SUPPLIED DATA>
- - -
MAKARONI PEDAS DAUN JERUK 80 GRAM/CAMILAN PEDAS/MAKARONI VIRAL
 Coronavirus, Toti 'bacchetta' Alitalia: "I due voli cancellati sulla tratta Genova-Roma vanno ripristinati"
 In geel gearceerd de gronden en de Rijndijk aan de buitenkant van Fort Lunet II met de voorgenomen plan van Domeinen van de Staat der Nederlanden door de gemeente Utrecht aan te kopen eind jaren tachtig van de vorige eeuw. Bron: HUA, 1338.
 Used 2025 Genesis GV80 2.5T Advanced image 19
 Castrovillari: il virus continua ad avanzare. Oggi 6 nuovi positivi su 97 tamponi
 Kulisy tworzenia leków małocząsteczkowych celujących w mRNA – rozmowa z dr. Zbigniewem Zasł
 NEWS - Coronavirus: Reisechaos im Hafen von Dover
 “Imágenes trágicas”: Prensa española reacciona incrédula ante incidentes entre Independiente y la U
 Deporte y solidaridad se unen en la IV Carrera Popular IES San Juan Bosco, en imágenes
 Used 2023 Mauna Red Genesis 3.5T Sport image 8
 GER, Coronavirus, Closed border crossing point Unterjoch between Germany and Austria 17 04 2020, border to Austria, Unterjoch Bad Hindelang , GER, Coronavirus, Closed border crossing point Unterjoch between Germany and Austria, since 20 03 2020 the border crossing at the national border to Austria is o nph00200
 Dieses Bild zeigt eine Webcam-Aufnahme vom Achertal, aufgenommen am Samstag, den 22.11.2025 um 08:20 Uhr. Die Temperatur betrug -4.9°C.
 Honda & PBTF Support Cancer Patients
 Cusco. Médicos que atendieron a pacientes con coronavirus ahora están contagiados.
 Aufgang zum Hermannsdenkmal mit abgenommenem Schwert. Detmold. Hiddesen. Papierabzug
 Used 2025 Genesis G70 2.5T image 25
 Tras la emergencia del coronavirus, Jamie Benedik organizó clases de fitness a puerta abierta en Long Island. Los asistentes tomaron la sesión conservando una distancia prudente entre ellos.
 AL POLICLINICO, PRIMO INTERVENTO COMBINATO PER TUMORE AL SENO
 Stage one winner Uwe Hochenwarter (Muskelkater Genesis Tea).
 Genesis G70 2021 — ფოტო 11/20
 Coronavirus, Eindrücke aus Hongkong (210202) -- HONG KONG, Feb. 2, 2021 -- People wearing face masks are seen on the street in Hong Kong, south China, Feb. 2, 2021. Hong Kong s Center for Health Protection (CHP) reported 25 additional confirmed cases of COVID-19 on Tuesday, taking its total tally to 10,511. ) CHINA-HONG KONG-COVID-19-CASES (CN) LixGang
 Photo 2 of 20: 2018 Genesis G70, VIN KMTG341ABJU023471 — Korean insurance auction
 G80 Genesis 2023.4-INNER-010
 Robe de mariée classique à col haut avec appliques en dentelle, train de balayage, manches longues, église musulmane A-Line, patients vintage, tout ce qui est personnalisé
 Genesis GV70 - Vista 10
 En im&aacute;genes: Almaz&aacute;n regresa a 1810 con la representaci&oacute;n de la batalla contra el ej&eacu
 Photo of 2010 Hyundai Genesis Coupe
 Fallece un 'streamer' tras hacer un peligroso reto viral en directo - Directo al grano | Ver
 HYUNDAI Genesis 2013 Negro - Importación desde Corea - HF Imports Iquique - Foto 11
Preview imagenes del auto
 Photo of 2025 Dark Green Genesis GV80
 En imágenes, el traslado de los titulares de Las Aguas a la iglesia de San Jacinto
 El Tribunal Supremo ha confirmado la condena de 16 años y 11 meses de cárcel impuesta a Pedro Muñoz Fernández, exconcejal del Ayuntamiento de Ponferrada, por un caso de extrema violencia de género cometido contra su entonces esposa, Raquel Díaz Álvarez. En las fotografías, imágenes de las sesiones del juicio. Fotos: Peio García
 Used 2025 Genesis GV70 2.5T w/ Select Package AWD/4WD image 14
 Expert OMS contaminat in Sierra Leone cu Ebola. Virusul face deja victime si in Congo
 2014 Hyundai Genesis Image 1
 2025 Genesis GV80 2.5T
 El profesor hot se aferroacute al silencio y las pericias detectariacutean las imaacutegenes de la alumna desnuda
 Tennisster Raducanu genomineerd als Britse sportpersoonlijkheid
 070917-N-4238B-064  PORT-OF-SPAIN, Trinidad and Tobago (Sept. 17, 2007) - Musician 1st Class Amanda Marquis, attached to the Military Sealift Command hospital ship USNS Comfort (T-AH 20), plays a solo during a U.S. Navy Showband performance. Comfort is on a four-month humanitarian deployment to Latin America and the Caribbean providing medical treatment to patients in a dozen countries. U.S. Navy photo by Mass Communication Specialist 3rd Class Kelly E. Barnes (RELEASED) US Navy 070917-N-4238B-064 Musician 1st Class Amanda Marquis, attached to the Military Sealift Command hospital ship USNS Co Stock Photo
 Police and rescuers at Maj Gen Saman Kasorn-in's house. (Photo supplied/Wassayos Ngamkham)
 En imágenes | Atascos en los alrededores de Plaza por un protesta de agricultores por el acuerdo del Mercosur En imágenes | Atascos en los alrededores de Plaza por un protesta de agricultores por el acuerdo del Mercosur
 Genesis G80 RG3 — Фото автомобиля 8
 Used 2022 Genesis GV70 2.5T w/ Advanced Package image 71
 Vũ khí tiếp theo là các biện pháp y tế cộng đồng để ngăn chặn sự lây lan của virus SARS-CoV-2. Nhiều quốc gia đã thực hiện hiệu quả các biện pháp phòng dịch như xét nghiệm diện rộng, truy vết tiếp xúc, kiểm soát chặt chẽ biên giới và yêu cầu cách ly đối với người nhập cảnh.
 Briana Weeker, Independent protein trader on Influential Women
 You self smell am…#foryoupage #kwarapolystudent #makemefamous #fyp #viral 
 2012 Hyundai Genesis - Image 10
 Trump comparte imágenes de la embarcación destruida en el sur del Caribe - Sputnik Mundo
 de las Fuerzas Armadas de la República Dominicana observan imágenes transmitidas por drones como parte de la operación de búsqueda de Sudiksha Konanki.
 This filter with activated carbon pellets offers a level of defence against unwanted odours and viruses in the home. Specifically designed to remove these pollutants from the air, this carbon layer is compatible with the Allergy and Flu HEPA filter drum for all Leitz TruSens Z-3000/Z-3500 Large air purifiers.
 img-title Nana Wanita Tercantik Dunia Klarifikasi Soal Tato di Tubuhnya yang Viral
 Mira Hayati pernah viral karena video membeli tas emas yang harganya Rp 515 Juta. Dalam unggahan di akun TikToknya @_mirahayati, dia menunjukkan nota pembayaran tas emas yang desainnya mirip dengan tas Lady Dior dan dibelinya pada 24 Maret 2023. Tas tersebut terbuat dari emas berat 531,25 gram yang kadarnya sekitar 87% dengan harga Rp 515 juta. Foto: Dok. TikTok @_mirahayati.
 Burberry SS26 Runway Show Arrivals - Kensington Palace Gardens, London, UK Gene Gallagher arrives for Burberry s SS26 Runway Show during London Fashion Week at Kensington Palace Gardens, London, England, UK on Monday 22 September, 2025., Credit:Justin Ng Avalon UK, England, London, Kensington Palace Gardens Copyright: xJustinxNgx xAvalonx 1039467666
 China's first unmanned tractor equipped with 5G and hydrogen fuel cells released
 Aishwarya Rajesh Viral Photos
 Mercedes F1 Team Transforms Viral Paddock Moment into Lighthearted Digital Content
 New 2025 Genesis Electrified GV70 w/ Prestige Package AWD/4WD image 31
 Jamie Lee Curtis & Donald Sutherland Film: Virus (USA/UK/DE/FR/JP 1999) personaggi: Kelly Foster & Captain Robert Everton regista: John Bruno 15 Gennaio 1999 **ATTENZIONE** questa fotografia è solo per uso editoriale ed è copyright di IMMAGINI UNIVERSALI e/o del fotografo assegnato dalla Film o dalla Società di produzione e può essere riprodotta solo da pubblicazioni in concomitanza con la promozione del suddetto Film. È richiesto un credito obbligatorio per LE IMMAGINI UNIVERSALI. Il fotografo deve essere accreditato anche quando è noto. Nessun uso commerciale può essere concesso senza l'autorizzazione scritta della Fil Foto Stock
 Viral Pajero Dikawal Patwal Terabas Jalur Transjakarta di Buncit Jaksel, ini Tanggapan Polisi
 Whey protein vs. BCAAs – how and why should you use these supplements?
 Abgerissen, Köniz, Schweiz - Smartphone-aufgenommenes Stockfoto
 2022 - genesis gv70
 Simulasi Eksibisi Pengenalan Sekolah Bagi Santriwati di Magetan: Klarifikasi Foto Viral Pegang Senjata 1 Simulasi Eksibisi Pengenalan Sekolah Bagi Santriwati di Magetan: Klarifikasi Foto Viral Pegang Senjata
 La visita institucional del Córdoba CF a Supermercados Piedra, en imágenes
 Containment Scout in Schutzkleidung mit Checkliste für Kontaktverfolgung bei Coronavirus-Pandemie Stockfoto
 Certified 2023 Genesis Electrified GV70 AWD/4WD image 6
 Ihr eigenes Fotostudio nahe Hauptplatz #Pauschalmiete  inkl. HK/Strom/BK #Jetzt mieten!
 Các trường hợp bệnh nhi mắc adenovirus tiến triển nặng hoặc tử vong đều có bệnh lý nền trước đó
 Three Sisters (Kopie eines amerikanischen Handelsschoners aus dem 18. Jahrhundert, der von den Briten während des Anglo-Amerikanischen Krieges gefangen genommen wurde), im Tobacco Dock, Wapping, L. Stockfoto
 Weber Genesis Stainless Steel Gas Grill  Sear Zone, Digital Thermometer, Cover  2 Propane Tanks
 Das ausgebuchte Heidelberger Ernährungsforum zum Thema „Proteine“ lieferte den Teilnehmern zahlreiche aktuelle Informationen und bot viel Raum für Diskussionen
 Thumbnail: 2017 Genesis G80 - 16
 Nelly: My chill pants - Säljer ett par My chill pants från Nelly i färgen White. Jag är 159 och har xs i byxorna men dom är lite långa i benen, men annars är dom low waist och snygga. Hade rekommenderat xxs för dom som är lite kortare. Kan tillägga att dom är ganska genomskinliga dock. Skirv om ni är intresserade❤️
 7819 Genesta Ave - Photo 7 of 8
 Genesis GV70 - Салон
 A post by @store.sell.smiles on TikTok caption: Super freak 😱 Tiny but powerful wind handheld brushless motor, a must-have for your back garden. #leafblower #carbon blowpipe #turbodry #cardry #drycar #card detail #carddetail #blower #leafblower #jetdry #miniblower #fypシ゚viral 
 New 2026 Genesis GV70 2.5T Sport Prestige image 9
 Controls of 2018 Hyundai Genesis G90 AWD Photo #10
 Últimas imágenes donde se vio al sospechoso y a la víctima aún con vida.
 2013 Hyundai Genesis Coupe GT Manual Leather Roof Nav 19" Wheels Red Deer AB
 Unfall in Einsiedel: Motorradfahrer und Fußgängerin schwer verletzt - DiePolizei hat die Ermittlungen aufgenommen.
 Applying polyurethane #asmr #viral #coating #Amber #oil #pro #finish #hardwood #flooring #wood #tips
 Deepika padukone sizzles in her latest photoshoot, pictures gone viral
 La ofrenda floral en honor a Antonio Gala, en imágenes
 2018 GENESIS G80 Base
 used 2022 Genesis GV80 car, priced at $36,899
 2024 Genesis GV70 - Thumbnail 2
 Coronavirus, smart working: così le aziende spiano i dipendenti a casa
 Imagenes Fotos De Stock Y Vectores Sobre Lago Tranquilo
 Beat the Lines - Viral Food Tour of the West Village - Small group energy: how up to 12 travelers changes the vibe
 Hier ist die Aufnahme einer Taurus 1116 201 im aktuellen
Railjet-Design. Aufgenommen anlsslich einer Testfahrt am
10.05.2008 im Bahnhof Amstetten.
- - -
Copy the records above exactly, beginning at the line that contains "You self smell" and stopping after the line that contains "Trump comparte imágenes".

 You self smell am…#foryoupage #kwarapolystudent #makemefamous #fyp #viral 
 2012 Hyundai Genesis - Image 10
 Trump comparte imágenes de la embarcación destruida en el sur del Caribe - Sputnik Mundo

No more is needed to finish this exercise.